Un fantasme et une frustration qu’il va entretenir tout le long chez le spectateur (grâce à un certain fétichisme), au même titre que Nathan avec Caleb, notamment lorsque le chercheur avoue avoir doté Ava d’un organe parfaitement fonctionnel et sensitif. Du teasing efficace générateur de passions à plus d’un titre. Finalement, il ne s’agit que d’un enrobage de SF d’anticipation avec les réflexions associées au sujet et bien connues pour beaucoup dorénavant. Garland nous offre en réalité un upgrade de thriller psychologique et érotique dans lequel il réinvente carrément le motif de la mante religieuse, un peu comme l’aurait sans doute fait Brian DePalma.

Ava est totalement traitée comme une femme fatale 2.0 dont on peut légitimement douter de l’attachement à Caleb, son seul ami mais pourtant seul obstacle avant la liberté suivant le résultat du test. Si Caleb a été embauché pour manipuler Ava, et si Nathan manipule clairement Caleb, Ava pourrait-elle manipuler les deux ? Il faut dire que la toute mimi Alicia Vikander a assez d’arguments à faire valoir (je parle de son jeu, hein) même si on la préférera avec des cheveux.

Ava comme si elle avait été conçue par DePalma.

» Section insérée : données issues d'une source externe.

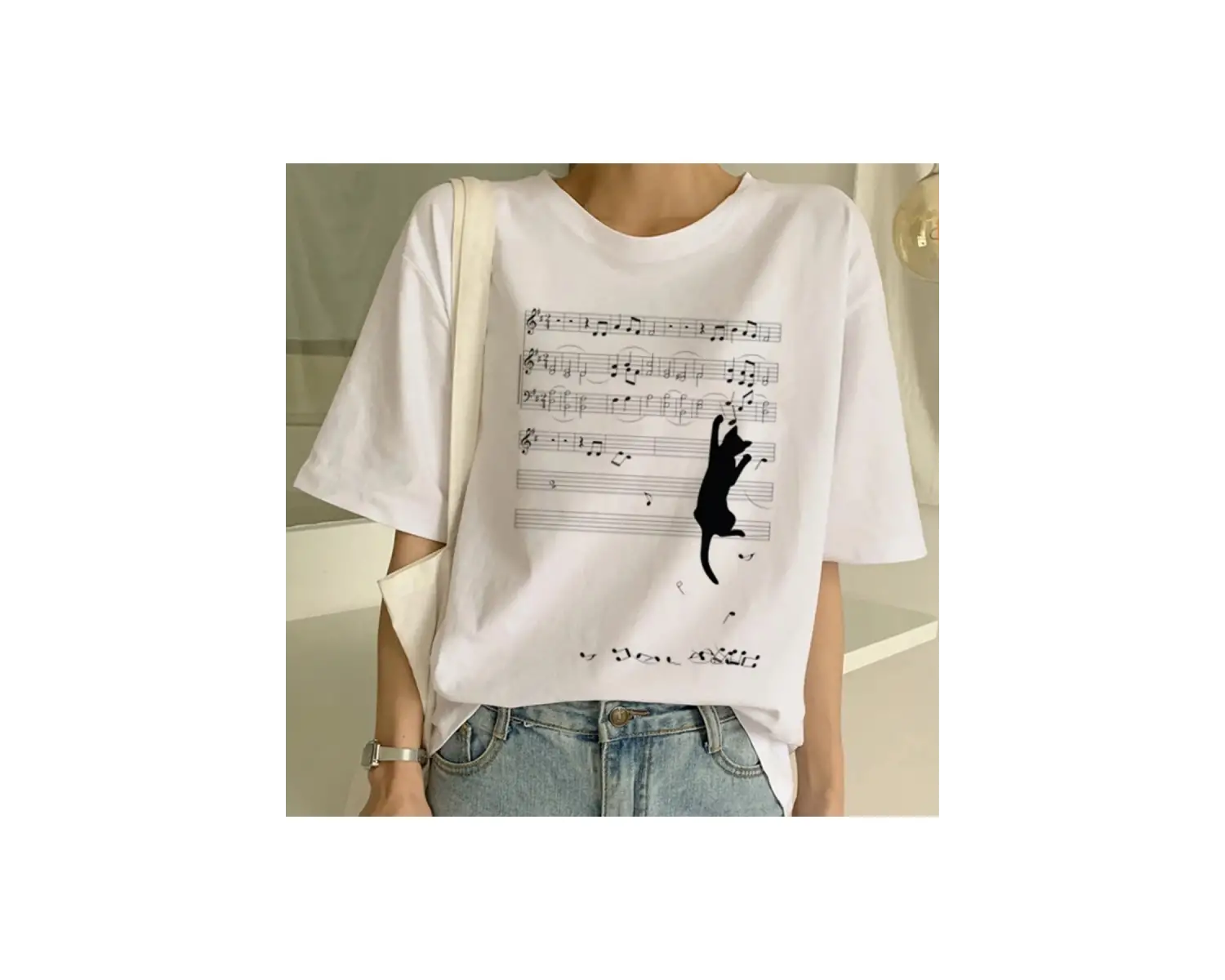 Beyaz Yeni Sevimli Kedi Komik Karikatür Baskı Tshirt Harajuku Kawaii T-shi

Vu l’interprétation impeccable mais posée, la construction du récit ainsi que ses influences, le spectacle offert par Ex Machina reste à double tranchant : on adhère ou pas. Point le plus négatif, afin de renforcer l’inconfort du spectateur lors de certaines séquences choc, la bande-son devient assourdissante jusqu’à en saturer les enceintes de la salle ! Aïe, mes oreilles. Malgré cela, chapeau bas : au même tire que Terminator mêlait la SF au slasher, Robocop au polar hard boiled et Chappie à Dennis La Malice (pas sûr pour celui-là), nulle doute que Garland a réussi une nouvelle et audacieuse fusion des genres. Ava peut légitimement s’ajouter à la liste des cyber êtres marquants du 7ème art, bouclant ainsi une boucle entamée avec le premier androïde du cinéma, une femme, la Maria du Metropolis de Fritz Lang (1927). Girl power !

LES + :

  • Alex Garland invente quasiment un nouveau sous-genre de la cyber SF.
  • Un scénario sans fausse note.
  • Une beauté plastique et une mise en scène glaçante qui distillent le malaise.

LES – :

  • Ceux qui attendent un ersatz de Terminator se seront trompés de salle.